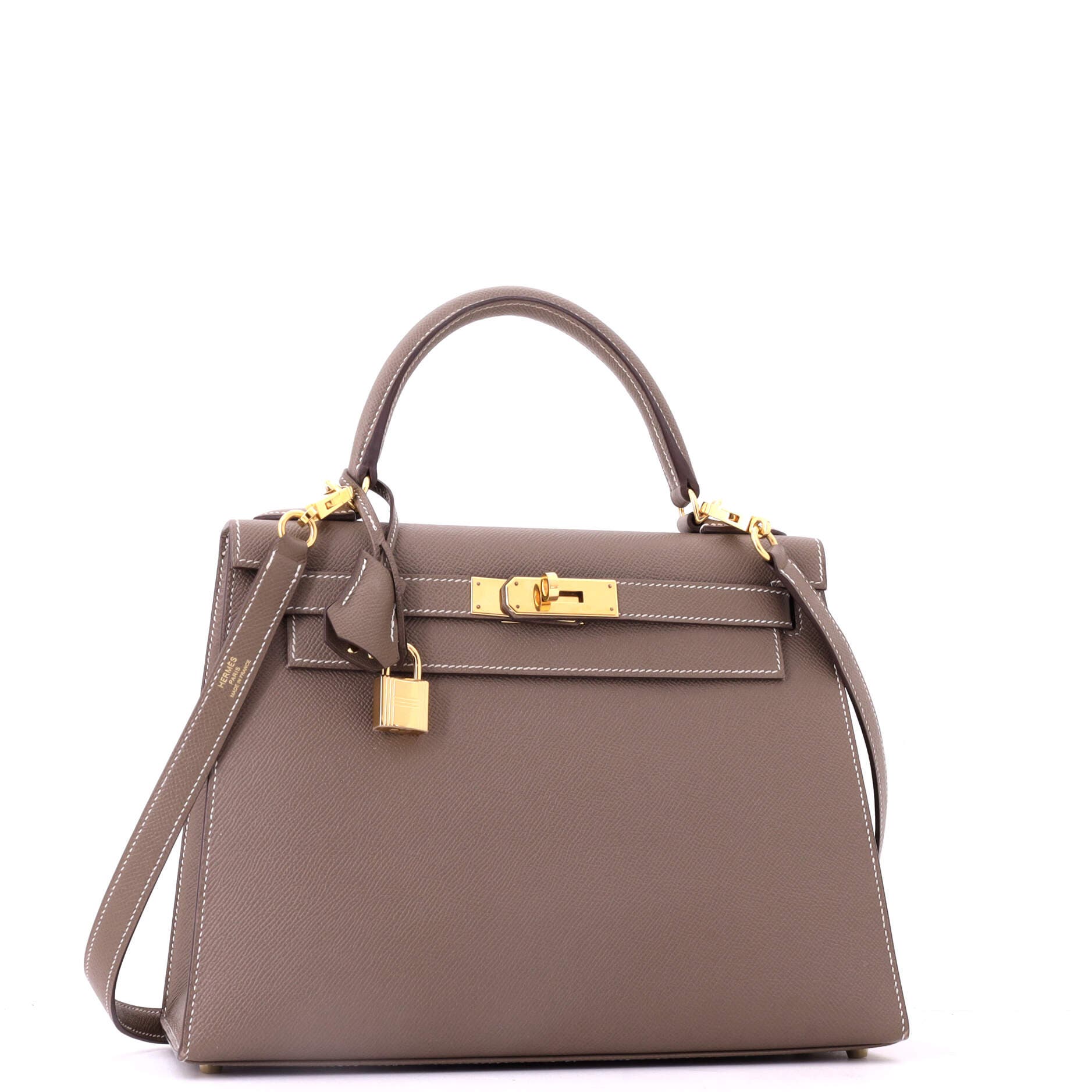 Pre-Owned Hermes Kelly Handbag Grey Epsom with Gold Hardware 28, Alternate, color, Etoupe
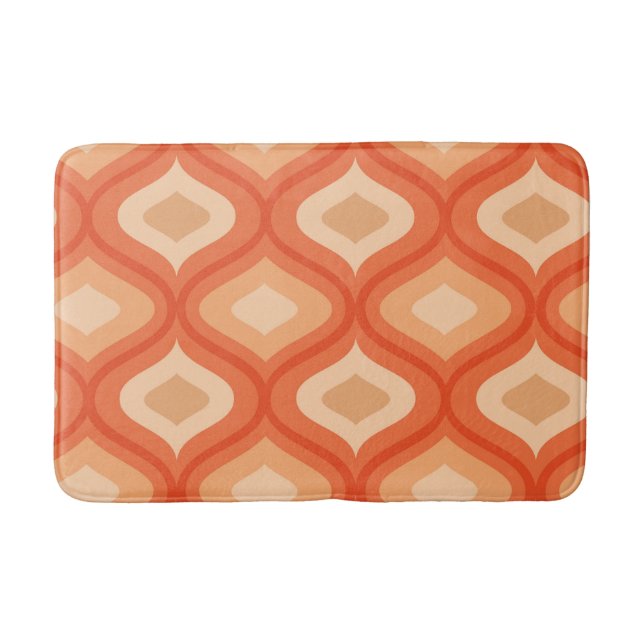Mid century modern ogee orange and beige    bath mat (Front)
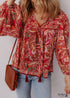 Multicolour Ethnic Paisley Print Tassel Tie Puff Sleeve Boho Blouse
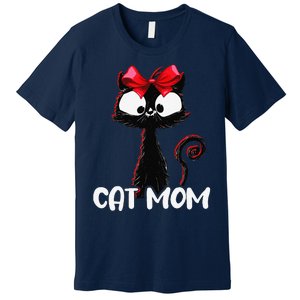 Cat Mom Cute Black Cat With Red Ribbon Bandana Black Cat Premium T-Shirt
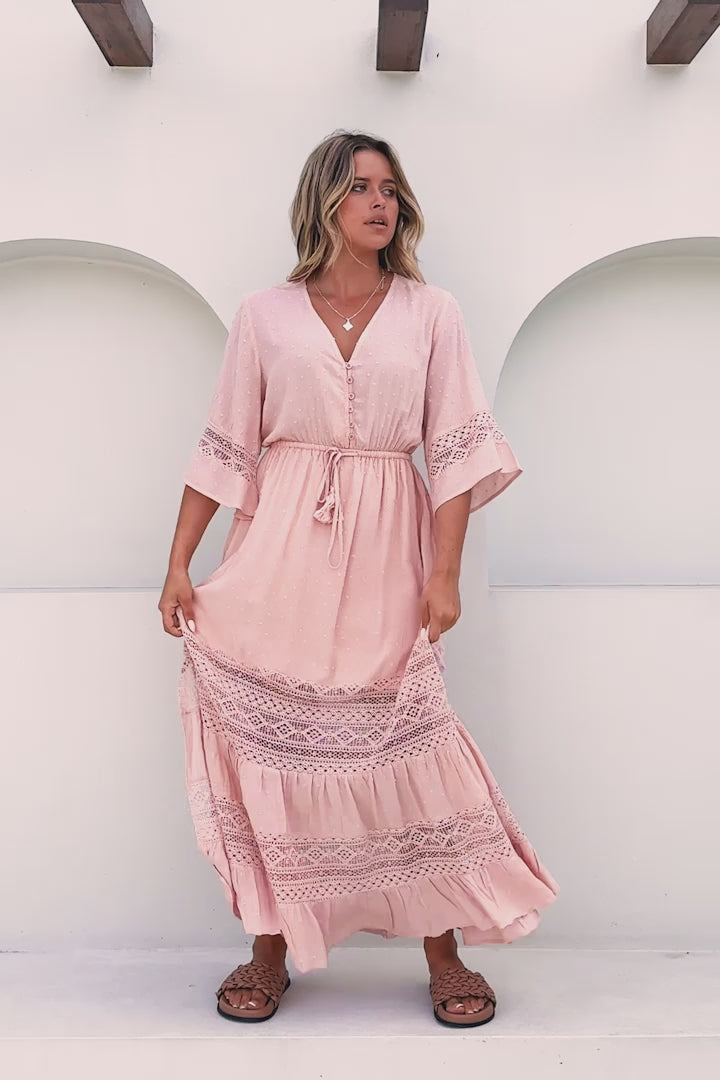 Kaely Maxi Dress - Delicate Lace Panel Detailed A Line Dress in Pink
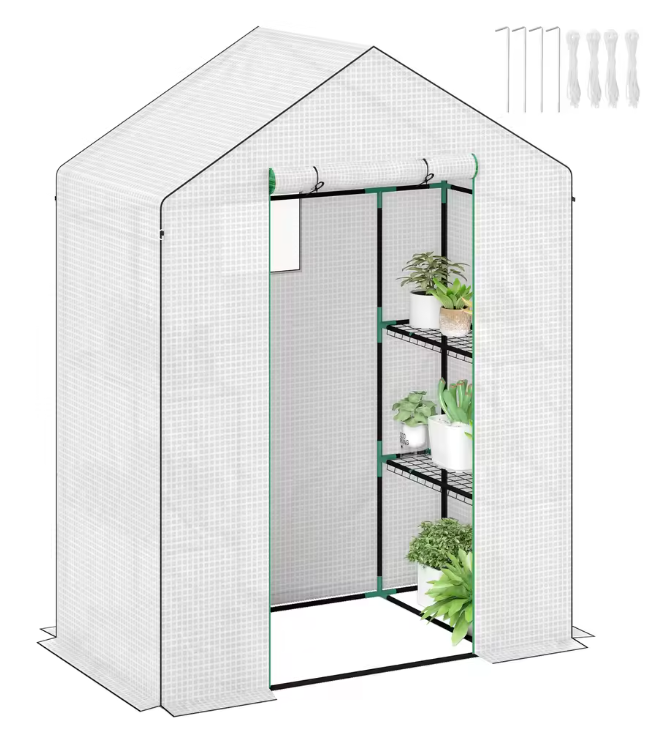 Kas Met Planken en Roldeur – Weerbestendige Kweekkas met UV-bestendige Hoes en Metalen Frame, 143×74×190 cm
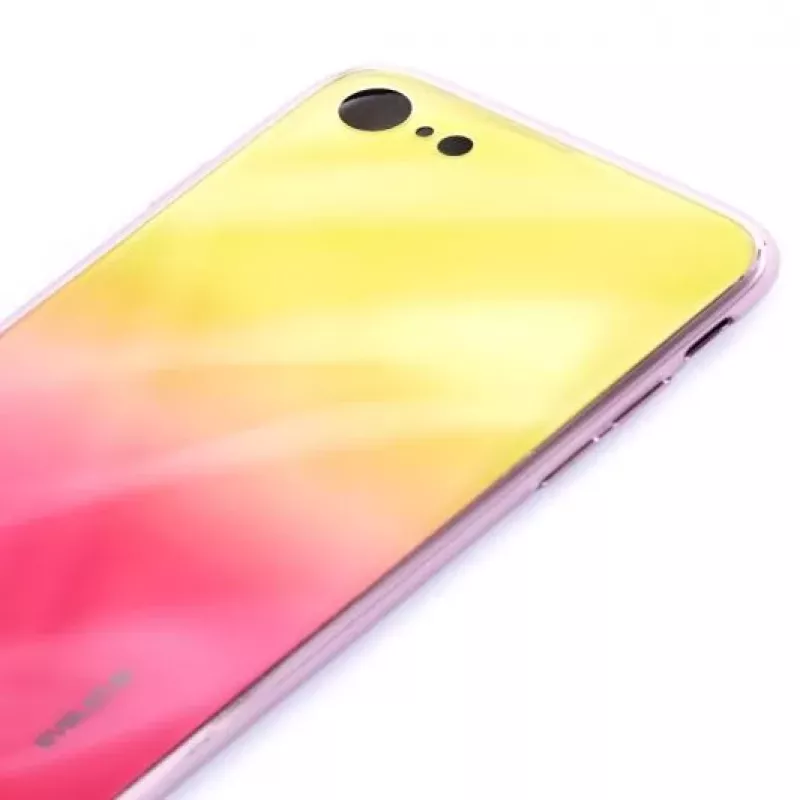 Evelatus iPhone 7/8/SE2020/SE2022 Ūdens viļņu pilnkrāsu elektrolītiskais rūdītais stikla ekrāna aizsargs Gradienta dzelteni-rožains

* **What you need to do**
Please, without any of the pictures, set down exactly the lines from the beginning of the listing to the line that contains "Multicolour Ethnic Paisley", inclusive.

* **Your response**
 Pre-Owned Hermes Kelly Handbag Grey Epsom with Gold Hardware 28, Alternate, color, Etoupe
Mid century modern ogee orange and beige    bath mat (Front)
 Multicolour Ethnic Paisley Print Tassel Tie Puff Sleeve Boho Blouse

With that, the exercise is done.